Entering the values in the formula yields:

randomised trials 2

This means that a sample size of 28 subjects per group is needed to answer the research question.

*These values are looked up in a statistical table by the researchers. The table values are based on the normal distribution of these errors.

3. Sample vs Population

The key to understanding sample size calculation is to understand the underlying concepts of statistical inference, i.e. using the information from a (random) sample to draw conclusions (inferences) about the population from which the sample was taken.

Analysing the information in a sample will lead to an (observed) estimate for the treatment effect. This should help to predict the true treatment effect in the broader patient population. Every time a sample is taken, by the mere definition of a sample (at least a random one), a different estimate will be obtained. If you looked at several samples together, they will provide a clear picture of the true treatment effect and the variability (i.e. the spread of data, the measure of how far the numbers in a data set are away from the mean or median) underlying the estimation. However, in practice, only one sample is taken, i.e. the trial is run once. So, from the observed effects in samples, what can be determined about the true but unknown treatment effect in the population? This is where statistical inference comes in, more specifically through the concept of hypothesis testing and the use of confidence intervals.

4. Sample Size Calculation

Sample size calculation is an essential part of the design of a clinical trial. The size of the study should be adequate in order to generate conclusive results. Calculating the appropriate sample size requires feedback on various aspects of the trials, such as the study design, the tested hypotheses, the targeted study power and the type I and II errors.

5. What Drives a Sample Size Calculation?

There are 5 key drivers in sample size calculations.

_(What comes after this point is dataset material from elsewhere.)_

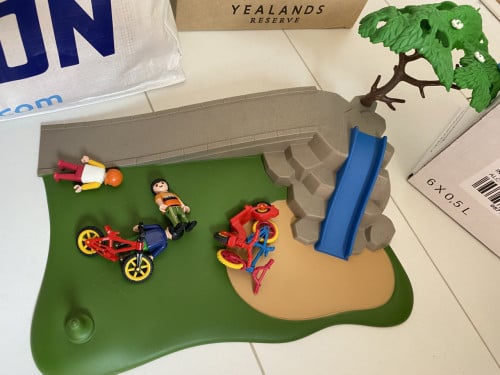 Playmobil fietscross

5.1. The Design of the Clinical Trial

A trial with only one or several experimental treatments arms in a Phase II setting will require a different approach from a randomised comparative Phase III trial. Furthermore, the sample size needed for a study depends on the assumption of the size of the difference expected between the two treatments being studied. In a study where a large difference between the treatments is assumed, the difference should be observable in a smaller sample, whereas a larger sample size is needed to detect a small difference between two treatments. The situation becomes more complex when more than two treatment groups are planned since there is no longer one single clear alternative hypothesis. A test strategy must be defined upfront and adequate measures applied to maintain the overall type I error.

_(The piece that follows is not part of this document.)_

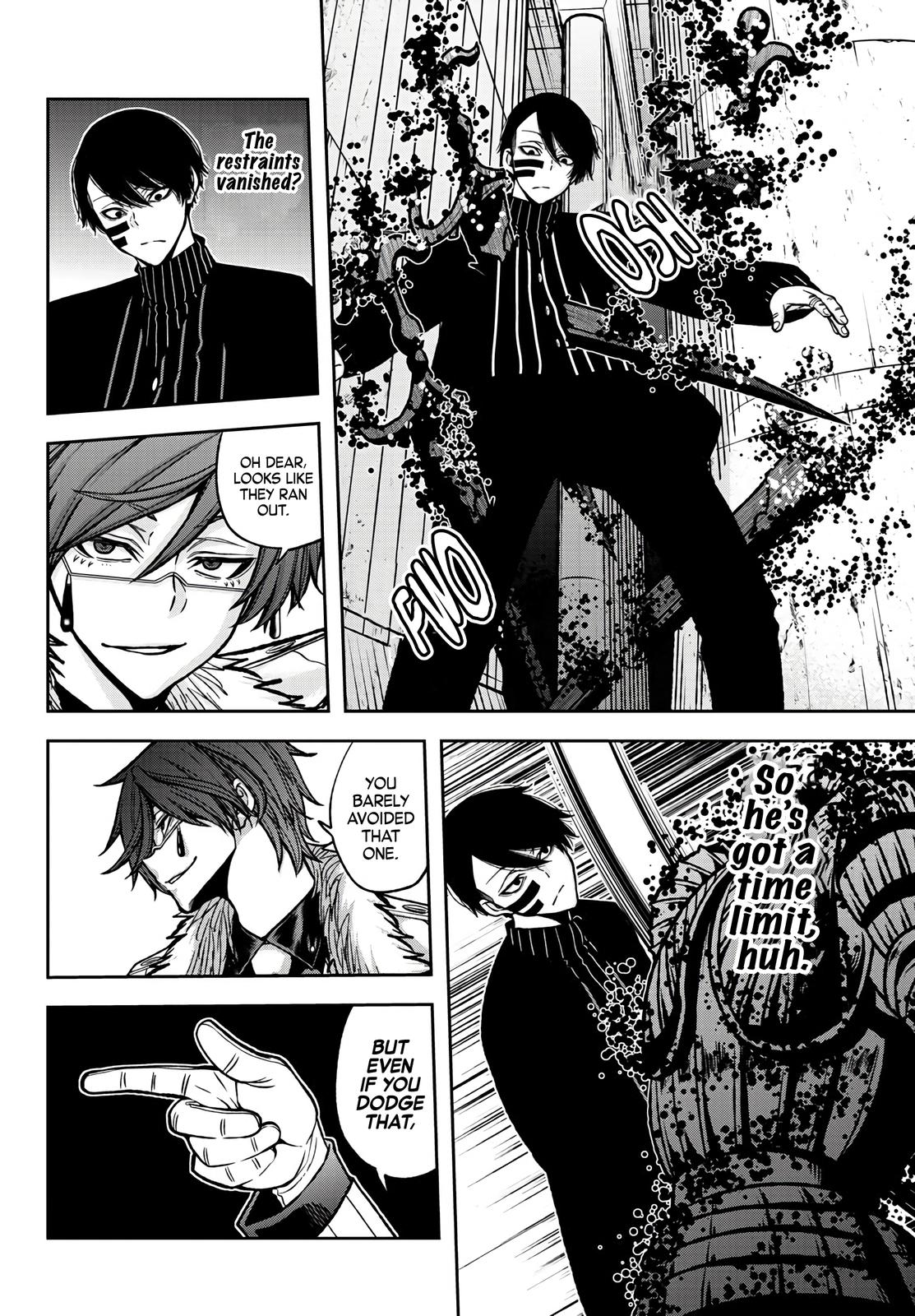 Tougen Anki Chap 61 - Next Chap 62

5.2. The Choice of the Primary Endpoint(s)

Endpoints in clinical research are the outcomes measured during the study that are used to assess the efficacy of the treatment. They can be of different types:

  1. Binary vs. continuous: binary indicates whether an event has occurred (occurrence or relief of symptoms), while continuous represents a specific measure or count (e.g., blood pressure).

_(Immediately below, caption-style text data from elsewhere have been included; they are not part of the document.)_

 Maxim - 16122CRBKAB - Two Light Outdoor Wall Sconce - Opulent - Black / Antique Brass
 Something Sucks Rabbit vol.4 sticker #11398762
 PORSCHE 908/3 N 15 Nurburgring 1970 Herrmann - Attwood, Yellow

  2. Landmark: its goal is to have a fixed time (time-to-event) after the initiation of the treatment, where analysis of survival can be conducted.
The type of endpoint (continuous, binary or time-to-event) can have a major impact on the size of a trial. Moreover, the sample size will have to be increased in case of multiple endpoints. The significance level may have to be adapted for limiting the overall type I error rate.

5.3. The Research Hypotheses

The magnitude of the targeted treatment effect specified in H1 (the alternative hypothesis) is a crucial parameter. The required sample size will decrease as the expected effect relative to the comparator increases. A common defect in clinical trials is that too few patients are entered in the trial to have a high probability of detecting a difference.

5.4. Type I and Type II Error Rate

In general, the smaller the error rates and/or the larger the study power desired the larger the required sample size. The acceptable type I and II error rates should be defined in order to reflect the consequences of making the particular type of error.

5.5. Resources

Patient availability (e.g. in rare diseases), ethical considerations and financial constraints may limit the sample size of a clinical trial.